# EBS Tracker FSPO



## mortgage2015 (18 Jul 2018)

Hi all,

I have a mortgage with EBS since 2008.

When I took out the mortgage with EBS in June 2008 I was specifically told that a tracker mortgage was not available. 

I was on a 5 year fixed rate of 5.45% approx.   After 3 years I found out that tracker was available to EBS customers in June 2008. I subsequently phoned the bank and asked them they said it was not available.  (he said she said stuff)

I made a complaint to FSPO last year and this week I have received correspondence from them saying they are are awaiting instruction from Central Bank before they can make a decision to see if I am impacted or not.  The lovely lady in FSPO has implied over the phone that there are lots people in a similar situation. 

Is there anyone out there in a similar situation?

Any thoughts on the likely outcome?


----------



## B26354 (18 Jul 2018)

mortgage2015 said:


> Hi all,
> 
> I have a mortgage with EBS since 2008.
> 
> ...


What does your loan offer state you roll onto after the fixed rate?

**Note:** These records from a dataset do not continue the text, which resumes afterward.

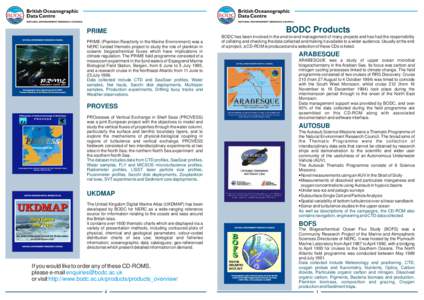 PRIME PRIME (Plankton Reactivity in the Marine Environment) was a NERC funded thematic project to study the role of plankton in oceanic biogeochemical fluxes which have implications in climate regulation. The PRIME field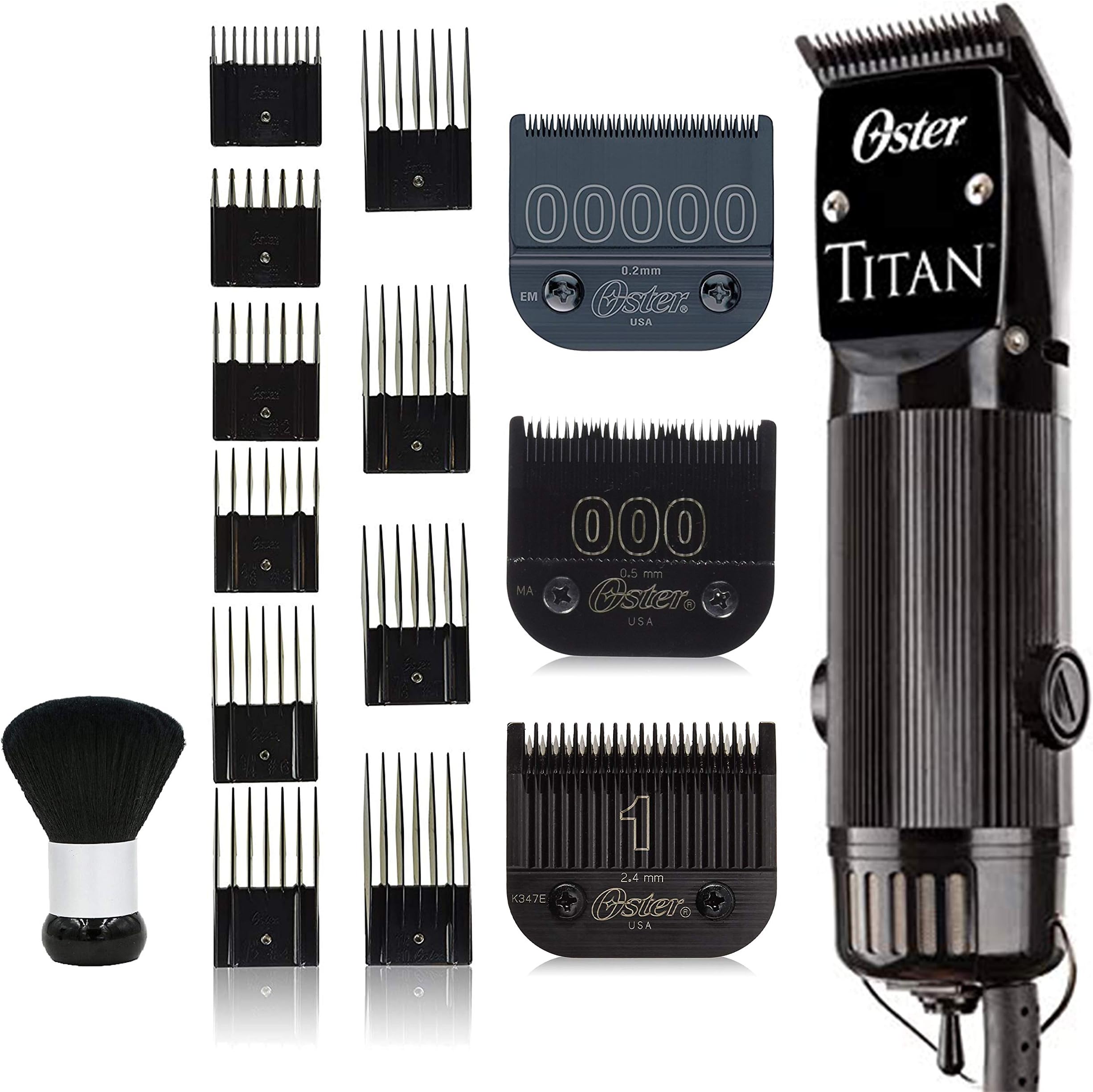 OsterTitan Model #76076-310 Detachable Blade Heavy Duty Clipper with Bonus 00000 Detachable Blade, 10 Guide Comb Set and Neck Duster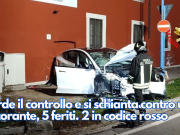 Perde il controllo e si schianta contro un ristorante, 5 feriti. 2 in codice rosso
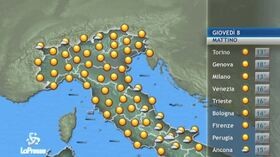 Il tempo previsto per giovedì 8 ottobre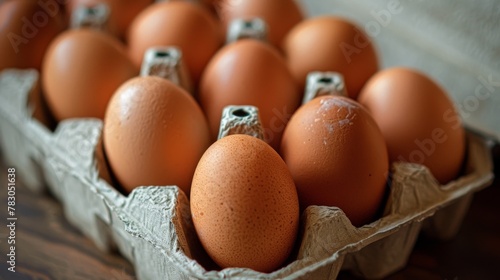 A Carton of Fresh Brown Eggs photo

A SVR or a variable base rate? If it says SVR you will have a tough time arguing your case. There is a lot of evidence that indicates the variable base is a tracker....or at the very least it is an extremely ambiguous term and any argument about it being a tracker should favour the customer making a complaint. See the lengthy thread on the variable base rate on this forum for more info.

Trackers were pulled by EBS on the 13th of October 2008 (see attached).


----------



## mortgage2015 (18 Jul 2018)

It says variable base in loan document.


----------



## TrackerThieves (19 Jul 2018)

mortgage2015 said:


> Hi all,
> 
> I have a mortgage with EBS since 2008.
> 
> ...


I have a case against EBS through Padraic Kissane where i was offered a Tracker Mortgage in 13th October 2008 ( the very day they stopped offering tracker mortgages) but they told me a few days later i couldn't have it because they were no longer on the market. I also have a friend that applied at the same time who was told similar but threatened legal action and he got his.
Here is a press release from 13th October 2008
https://www.independent.ie/business/ebs-stops-offering-tracker-mortgages-26484321.html
Hope this helps


----------